L'attentato di giovedì scorso sorprende i nostri amici in strada: 50 morti e 230 feriti è il bilancio ufficiale, mentre gli artificieri hanno disinnescato in tempo un'auto bomba che doveva saltare in aria all'arrivo dei primi soccorsi. Negli ospedali serve sangue e la gente è sotto shock. Si vive in una quotidiana follia
Esplosione a Damasco

«Ci siamo incontrati ieri pomeriggio con un gruppo di giovani per valutare il lavoro a favore delle famiglie sfollate e continuare in modo più efficace. Avremmo dovuto farlo giovedì, ma l’attentato del mattino ci ha spinto ad annullare ogni appuntamento. Come succede sovente in questi casi. Certo che è stato terribile.

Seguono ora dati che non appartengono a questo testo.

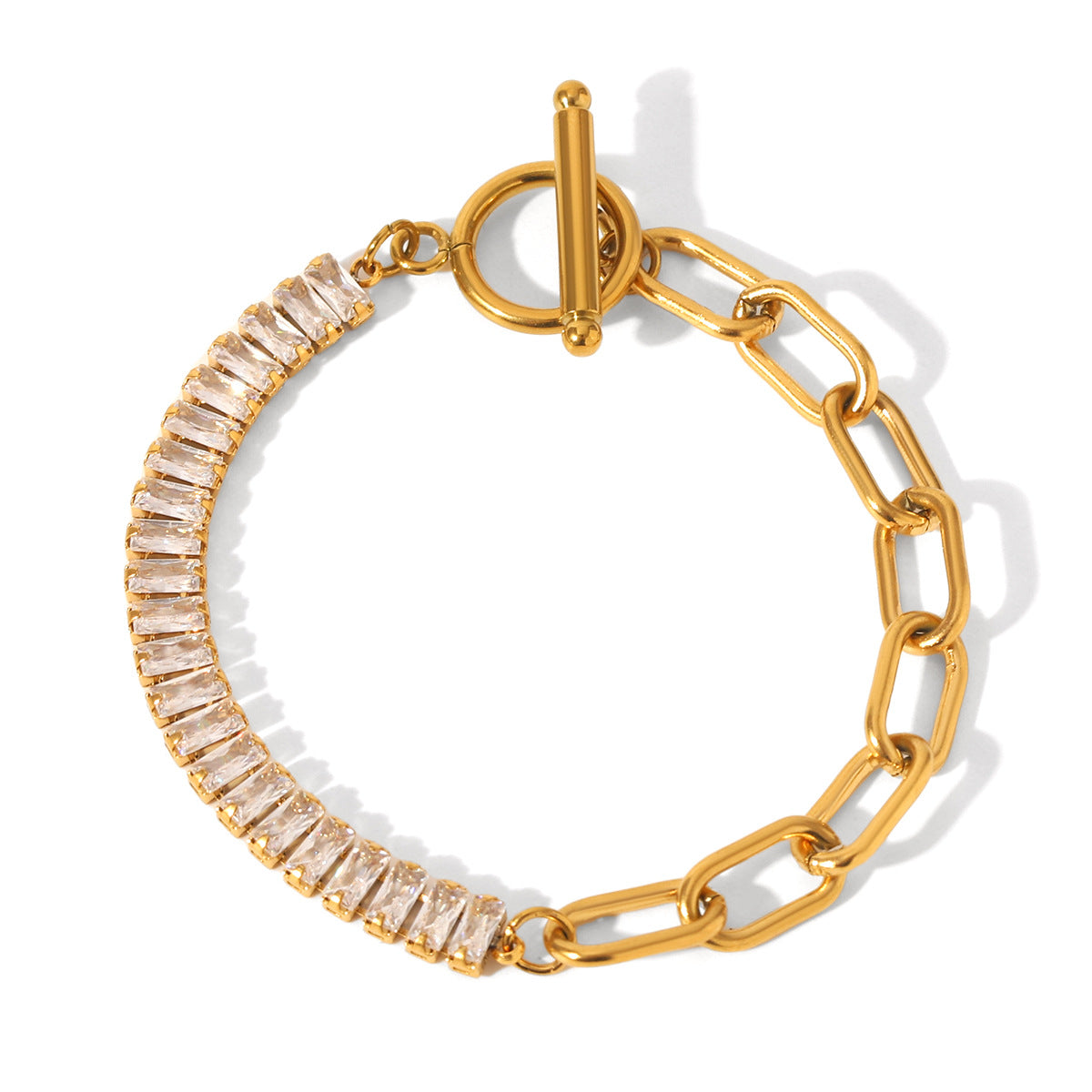 OT Buckle Stainless Steel Cross Chain Splicing Zircon Bracelet Women's High-end Titanium Steel Bracelet Cross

«In piena mattinata, in un posto affollato, vicino a una scuola, a un ospedale, a una moschea e a importanti uffici pubblici dove ci si reca sovente per certificazioni ed attestati. Eravamo per strada, ero uscita per uno dei “fuori programma” che caratterizzano la vita qui: un taglio imprevisto di elettricità proprio quando avevo appena finito di lavarmi i capelli! Cercare allora un parrucchiere vicino a casa che me li asciugasse non era certo un atto di vanità ma aveva il semplice scopo di non prendermi un bel raffreddore, con questo freddo e la possibilità che l’elettricità torni soltanto dopo ore. Sentiamo un colpo, molto forte.

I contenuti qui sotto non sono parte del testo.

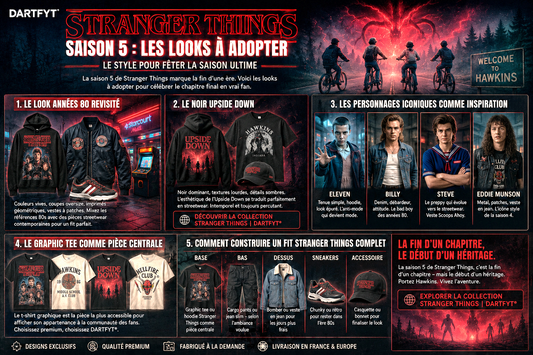 Looks Stranger Things Saison 5 – Streetwear fan merch DARTFYT® inspiré de la série Netflix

«Come tanti, alziamo lo sguardo per capire che cosa sia successo, poi, lontano, una colonna di fumo spesso. Entriamo dal parrucchiere, la tv già mostra le immagini disastrose, solo in serata si avrà la conferma del numero dei morti (più di cinquanta) e dei feriti (almeno 230), oltre a decine di palazzi danneggiati e un numero non ben precisato di auto distrutte. Ma sono i cuori ad essere distrutti. Non ci si aspettava di nuovo un atto così barbaro. Che sarebbe stato ancora più micidiale se non fosse stata intercettata un’auto pronta a scoppiare appena i soccorsi fossero arrivati. Follia!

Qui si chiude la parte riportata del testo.